Hand back every line from the beginning of the data below through the line containing "This can range", word for word and free of pictures.

# Source data:
Segment Open

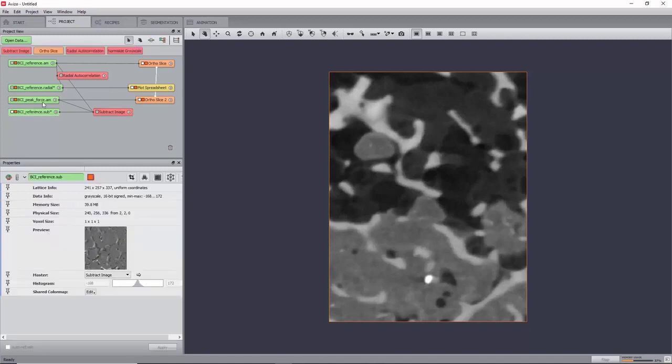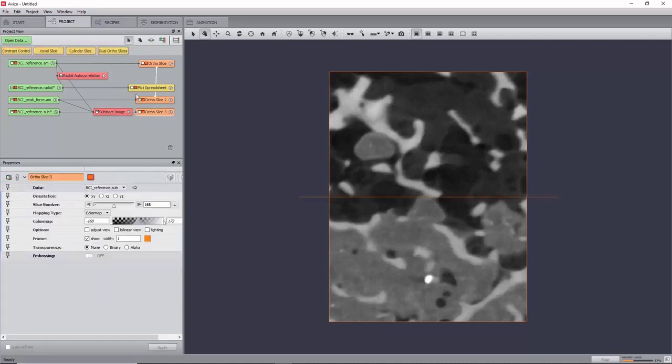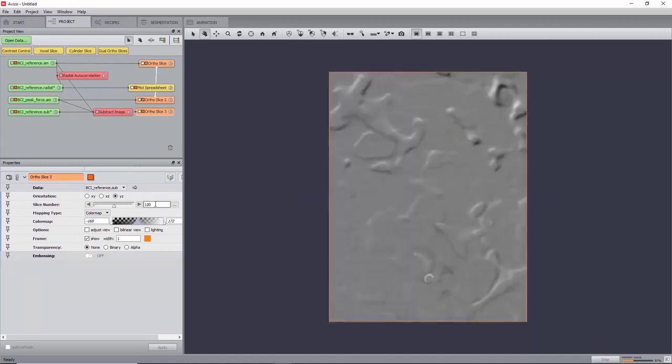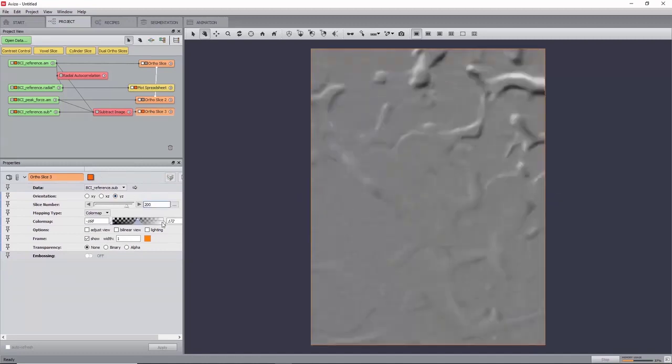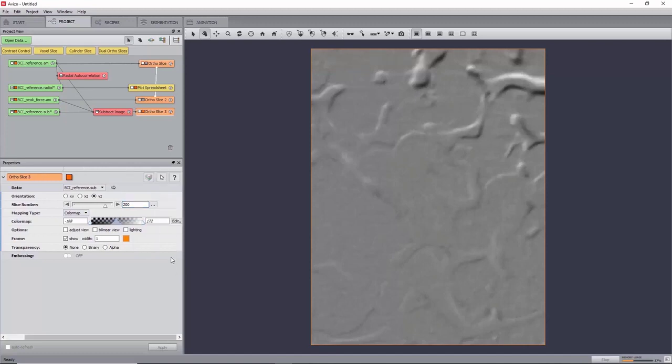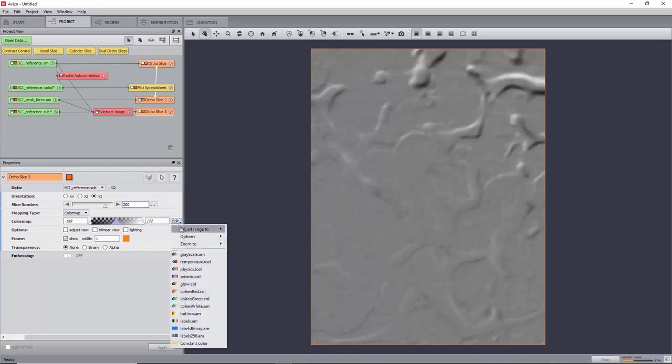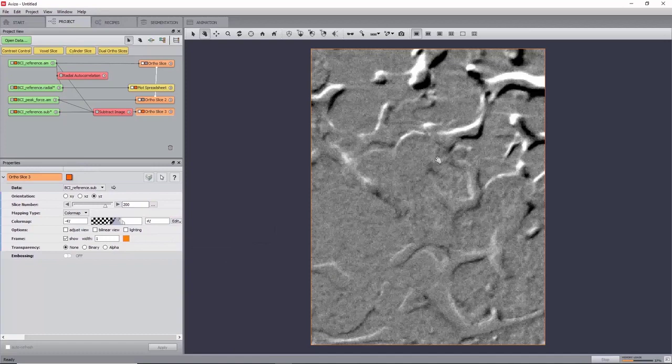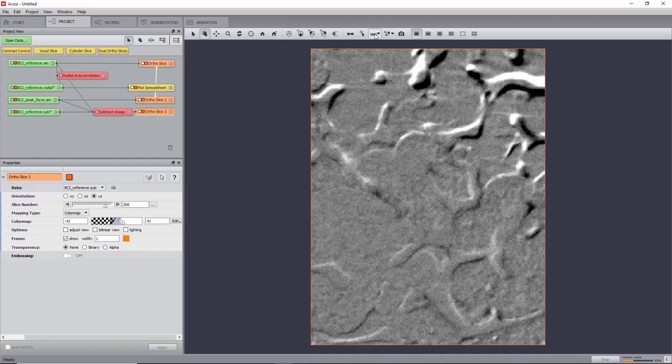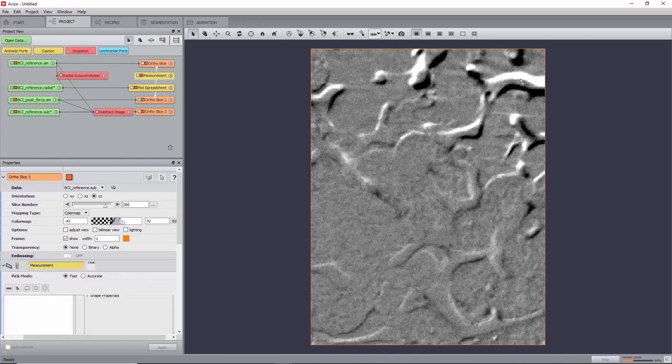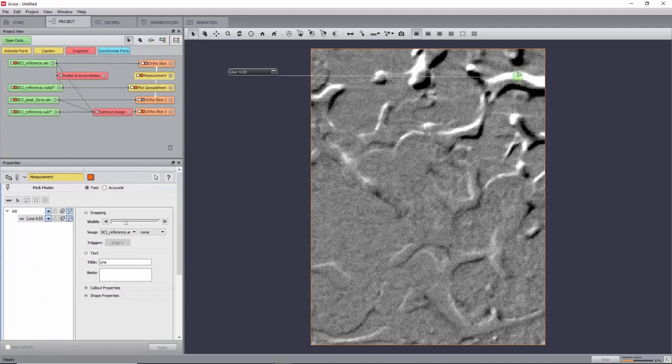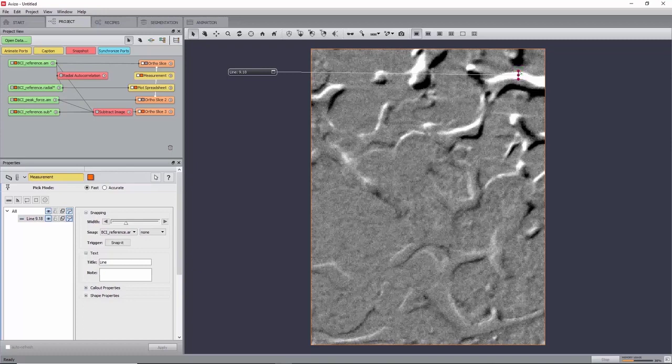View the resulting dataset with an autoslice and go to slice 200 in the YZ orientation. Adjust the color map by clicking Edit Adjust Range to Data Histogram. Parts with no deformation will appear in grey, and large deformation will appear as black and white fringes. Now use the Measure tool to have an estimate of the maximum thickness of either a black or a white fringe. Here we can measure up to about 12 voxels in the top right corner.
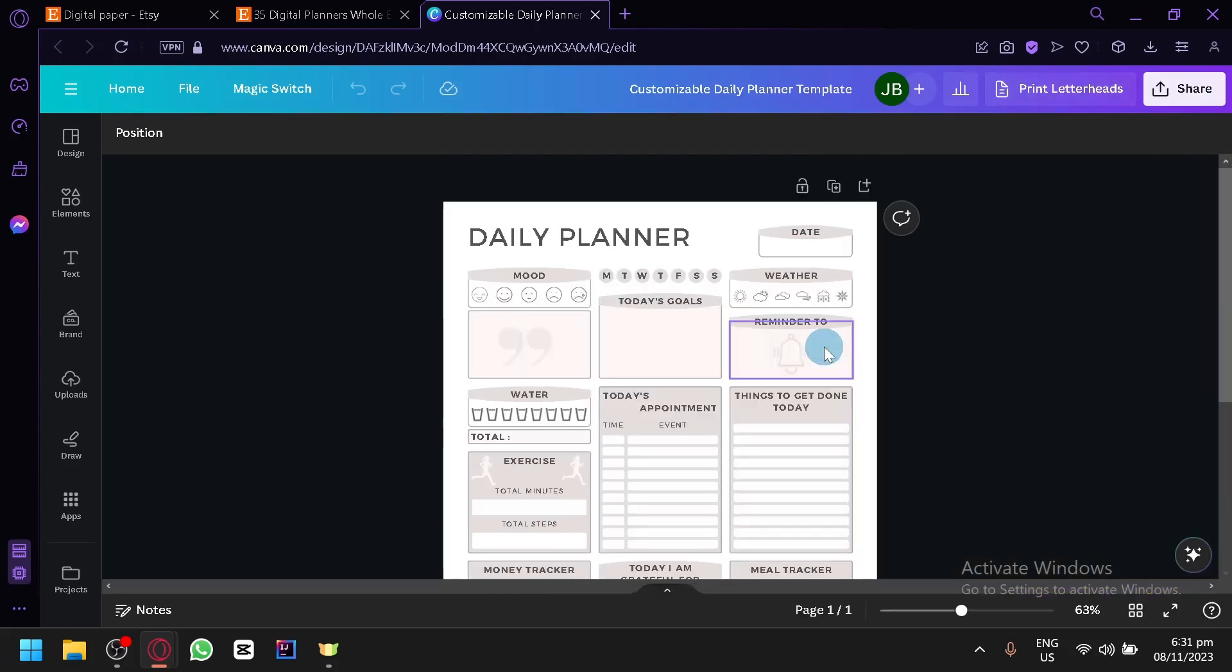That is how you will be able to create a digital paper and sell on Etsy. If you enjoyed this video, leave a like and subscribe. Thanks for watching.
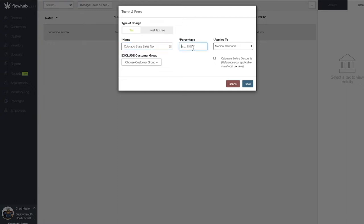This can range from your state sales tax, cannabis tax, excise tax, city tax, etc.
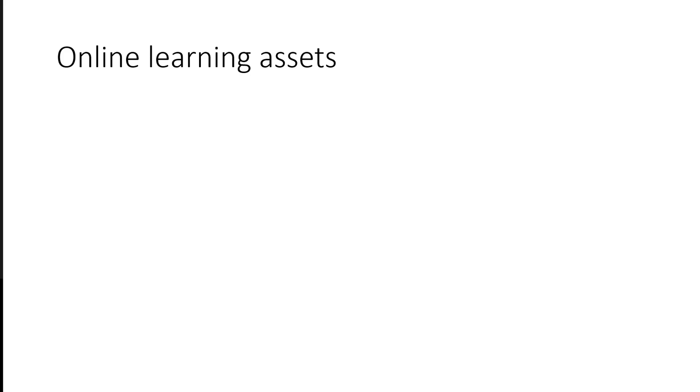The cons are, of course, the development cost. It takes a lot of time and resources to create quality online materials. Most people do not have the expertise.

Segment Closed

# Exercise solution:
View the resulting dataset with an autoslice and go to slice 200 in the YZ orientation. Adjust the color map by clicking Edit Adjust Range to Data Histogram. Parts with no deformation will appear in grey, and large deformation will appear as black and white fringes. Now use the Measure tool to have an estimate of the maximum thickness of either a black or a white fringe. Here we can measure up to about 12 voxels in the top right corner.
That is how you will be able to create a digital paper and sell on Etsy. If you enjoyed this video, leave a like and subscribe. Thanks for watching.
This can range from your state sales tax, cannabis tax, excise tax, city tax, etc.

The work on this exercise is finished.